Therese  deposed that through general conversations over the years with the deceased and his wife, she understood that Cloyne Street was intended for Sandra.[20] While this was reflected in the February will, in the June will this property was left to the plaintiff. Peter deposed to his surprise at this as follows:

[20]Affidavit of Therese Maria Demediuk affirmed 4 March 2026 (‘Therese’s Affidavit’) [18].

For Dad to genuinely and freely make such a decision seemed to me to be both implausible and impossible given…[his] longstanding wish to give Cloyne Street to Sandy and my understanding of their strong feelings and reasons for that decision.[21]

[21]Peter’s Affidavit [45(a)].

(d)      Lusk Drive - Peter and Therese deposed that this property had been intended for Peter.[22]  Lucy recalls having a conversation with the deceased in which he told her he wanted her and her sister, Sophie, to have Lusk Drive as thanks for their care of Taisa in her final days.[23]  However, it was determined that it may be best for it to be left to their father, Peter.[24]  In the February will this property was left to Peter, but in the June will this property was left to the plaintiff.  In the two wills made November 2010, however, the deceased expressly directed that Lusk Drive ‘be sold to cover any debt’.

(e)       Unit 1, 29 Warratah Avenue, Tullamarine - in the February will, this property was left to the plaintiff, however, in the June will it was left to Peter.  In the two wills made November 2010, there is no reference to this property.
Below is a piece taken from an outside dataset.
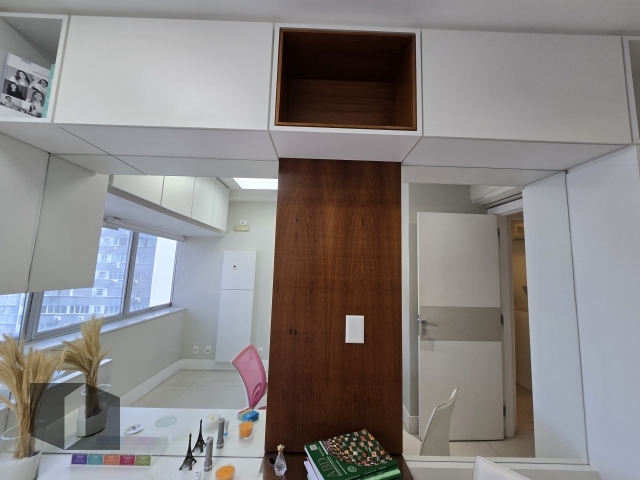 Conjunto Comercial-Sala para alugar, 30m² - Foto 34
General chronology of the evidence

[22]Ibid[45(c)].

[23]Lucy’s Affidavit [24].

[24]Peter’s Affidavit [27].

  1. In October 1993, the deceased and Taisa purchased a property in Hargrave Street, Paddington, New South Wales, (‘Hargrave Street’) for Sandra’s use.[25] In September 2001, the deceased and Taisa purchased a property in Battery Street, Clovelly, New South Wales (‘Battery Street’) for Sandra and her family’s use.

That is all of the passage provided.